As easy as it would be to write off "Step It Up & Dance" as just another dance show, it's actually pretty different from either "So You Think You Can Dance" or "Dancing With the Stars." Best described as a dance version of "Project Runway" or "Top Chef," the show features contestants who are mostly professional dancers, either members of modern dance troupes, performers in Broadway musicals, or dancers who've toured with pop and R&B stars. So, while "Dancing With the Stars" attempts to turn celebrities into dancers and "So You Think You Can Dance" takes mostly twentysomething dancing amateurs and turns them into versatile dancers-for-hire, "Step It Up & Dance" takes a group of proficient, professional dancers and basically tortures them with impossibly difficult choreography (think "Quickfire Challenge") for the chance to win $100,000.
This has become a time-honored tradition with Bravo's reality competitions: take talented professionals and make them do insanely difficult tasks while the clock ticks and the cameras roll. You can tell these dancers are much more professional that the ones on other shows, because when they're learning new choreography, they're focused and self-possessed and they don't laugh and chat with each other. Unlike, say, "America's Next Top Model," this isn't about young people, giggling and squabbling. These are intense, motivated, seriously egocentric people. For this reason, Bravo's reality competitions seem to target adult viewers who can relate more to neurotics and control freaks and stubborn, overconfident thirtysomethings than they can to naive teenagers with no notion of how to play nicely with others. While some of the contestants on "Step It Up & Dance" are very young, most of them have already had careers: Mochi has performed with "The Lion King" on Broadway since 2001, Cody went to Juilliard and performed in the Broadway shows "Moving Out," "Grease" and "Mama Mia," Adriana (who was eliminated for her "Staying Alive"-style moves during the first episode) is in a contemporary jazz dance company in New York, and Michael has toured with Mary J. Blige and Beyoncé. These dancers are familiar with hard work, and they mean business.

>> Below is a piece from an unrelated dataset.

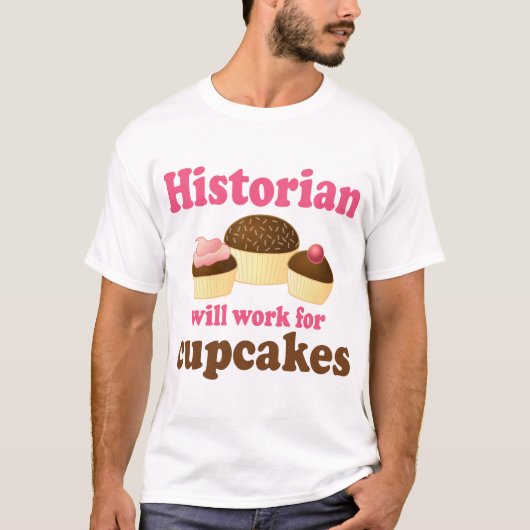 Lustige Arbeit für Kuchen-Historiker T-Shirt (Vorderseite)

Of course, this also makes them seriously smug and full of themselves, and somehow a dancer's pretensions are particularly amusing. Miguel begins by telling us, "My dance style is called jazz funk, and I would say that I'm a pioneer of the genre itself. I am the most amazing performer you'll ever see on the stage." He says that telling him he's not talented would be "like telling Da Vinci, 'I'm sorry, you're not a good painter.'" Later, James describes himself as "23 years young and beautiful." Even the dancers who don't brag a lot make it clear to us that the art of dance is a force of good that will eventually end global warming, cure world hunger, and make all the little children of the world hold hands and sing in the streets.
And you have to love the unbridled cheese of the "Pack your knives and go" scene, in which the freshly eliminated dancer enters an empty, dramatically lit studio and does a somewhat melancholy farewell dance for the viewers at home. Through my movements, I express my regrets and hopes for the future! those pointy toes and graceful, sweeping arms seem to say. Or maybe they're saying, I'm one of the pioneers of jazz funk, damn it!
Sometimes it's tough to tell the difference. But at least one thing is clear to these dancers, as it should be to you: Luminous beings are we, not this crude matter!